Oxford’s Opioid Town Hall rally presents staggering statistics about drug abuse in Mississippi
According to the Mississippi Bureau of Narcotics, over the past three years, deaths related to heroin have risen in Mississippi by 2,000 percent. Eighty percent of these cases started with prescription opioid use.
Last night, members of the State Department of Mental Health, the Bureau of Narcotics and other groups spoke at an Opioid Town Hall Meeting that took place at the Oxford Conference Center.
Lieutenant John Harless, of the MS Bureau of Narcotics, took the floor first to share some startling statistics about opioid use.
“We throw the word opioid around, and most of the time, we don’t define what it is,” Harless said. “Opioids are drugs that are designed to alleviate pain. They can be prescription drugs. Of late, it’s heroin. Something a few years ago, we didn’t think we saw in Mississippi.”
Harless said that in 2015, of the 52,424 deaths from accidental drug overdoses across the country, 33,091 were opioid-related—an average of 91 deaths per day.
“The road to heroin abuse starts with prescription abuse,” he said. “Ninety-four percent of addicts say it started with prescriptions.”
In 2016, there were 201,224,298 dosage units of opioids being dispensed in Mississippi.
Ann Rodio, with the Department of Mental Health, spoke about the $2.8 million State Targeted Response Opioid Grant to be used to combat opioid addiction.

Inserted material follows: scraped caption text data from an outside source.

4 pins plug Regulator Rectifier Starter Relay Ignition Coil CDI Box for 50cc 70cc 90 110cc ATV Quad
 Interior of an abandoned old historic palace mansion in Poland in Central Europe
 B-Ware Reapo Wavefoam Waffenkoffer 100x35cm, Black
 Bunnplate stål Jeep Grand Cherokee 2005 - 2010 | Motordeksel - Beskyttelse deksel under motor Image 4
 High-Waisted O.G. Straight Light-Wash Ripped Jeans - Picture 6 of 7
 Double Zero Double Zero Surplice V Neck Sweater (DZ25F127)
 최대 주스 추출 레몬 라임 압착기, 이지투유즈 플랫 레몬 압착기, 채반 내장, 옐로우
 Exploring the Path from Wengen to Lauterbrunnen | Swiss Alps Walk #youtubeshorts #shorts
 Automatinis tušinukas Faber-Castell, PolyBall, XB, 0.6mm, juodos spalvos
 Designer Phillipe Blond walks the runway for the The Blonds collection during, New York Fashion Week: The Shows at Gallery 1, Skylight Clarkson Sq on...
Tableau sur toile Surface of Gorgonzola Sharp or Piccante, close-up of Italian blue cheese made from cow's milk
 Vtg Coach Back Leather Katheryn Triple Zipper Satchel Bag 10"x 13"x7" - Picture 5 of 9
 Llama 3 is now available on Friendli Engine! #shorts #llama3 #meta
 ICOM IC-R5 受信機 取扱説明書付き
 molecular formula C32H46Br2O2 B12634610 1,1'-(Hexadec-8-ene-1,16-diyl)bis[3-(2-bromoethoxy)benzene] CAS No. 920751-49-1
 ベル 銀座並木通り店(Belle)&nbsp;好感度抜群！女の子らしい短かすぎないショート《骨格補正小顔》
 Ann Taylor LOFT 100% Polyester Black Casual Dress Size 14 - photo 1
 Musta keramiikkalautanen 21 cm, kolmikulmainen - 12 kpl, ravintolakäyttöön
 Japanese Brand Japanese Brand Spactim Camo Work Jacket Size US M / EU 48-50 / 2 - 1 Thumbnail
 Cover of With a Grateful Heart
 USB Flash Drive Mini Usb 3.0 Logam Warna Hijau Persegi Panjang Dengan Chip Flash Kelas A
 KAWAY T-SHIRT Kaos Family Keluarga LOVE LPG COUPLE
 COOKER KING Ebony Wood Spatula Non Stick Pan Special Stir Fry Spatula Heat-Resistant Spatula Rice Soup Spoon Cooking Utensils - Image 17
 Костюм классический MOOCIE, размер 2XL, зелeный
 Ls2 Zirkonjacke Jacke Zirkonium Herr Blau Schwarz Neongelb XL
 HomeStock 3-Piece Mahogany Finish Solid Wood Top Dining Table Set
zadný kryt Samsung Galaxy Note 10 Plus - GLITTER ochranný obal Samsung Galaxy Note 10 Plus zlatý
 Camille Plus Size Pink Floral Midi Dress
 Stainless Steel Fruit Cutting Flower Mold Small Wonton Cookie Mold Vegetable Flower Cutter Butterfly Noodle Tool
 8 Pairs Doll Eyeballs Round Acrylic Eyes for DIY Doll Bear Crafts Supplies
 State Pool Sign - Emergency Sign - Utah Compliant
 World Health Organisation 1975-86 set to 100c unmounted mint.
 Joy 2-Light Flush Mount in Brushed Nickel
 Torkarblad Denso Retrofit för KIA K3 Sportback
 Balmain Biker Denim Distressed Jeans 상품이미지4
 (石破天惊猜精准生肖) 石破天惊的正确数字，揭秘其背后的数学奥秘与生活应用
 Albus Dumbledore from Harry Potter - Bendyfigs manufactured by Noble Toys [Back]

One of the biggest features of the grant is to increase the usage of the medication Narcan, a nasal spray that contains naloxone—a molecule that can help those who have overdosed.
“It has no function other than to flush opioids off the brain,” Rodio said. “It cannot hurt the individual.”
A moving personal account came later from James Moore, whose son Jeff overdosed and passed away from opioids.
“Do not think it can’t happen to those you love,” Moore warned. “Jeff was never able to succeed because of his addiction…We must eradicate the stigma of the disease. My challenge to you is we must stop the dying. Not one more.”
Bracelets with the phrase “Not One More” were also given out at the front of the conference center, further highlighting a theme of the night.
MS Bureau of Narcotics director John Dowdy closed out the evening.
“We have got to, as a people, come with an urgency as we confront this problem,” Dowdy said before turning his attention toward colleges throughout the state. “This stigma of not wanting to acknowledge that you have a problem on your campus has got to stop. We’ve got to have an urgency, because people are dying.”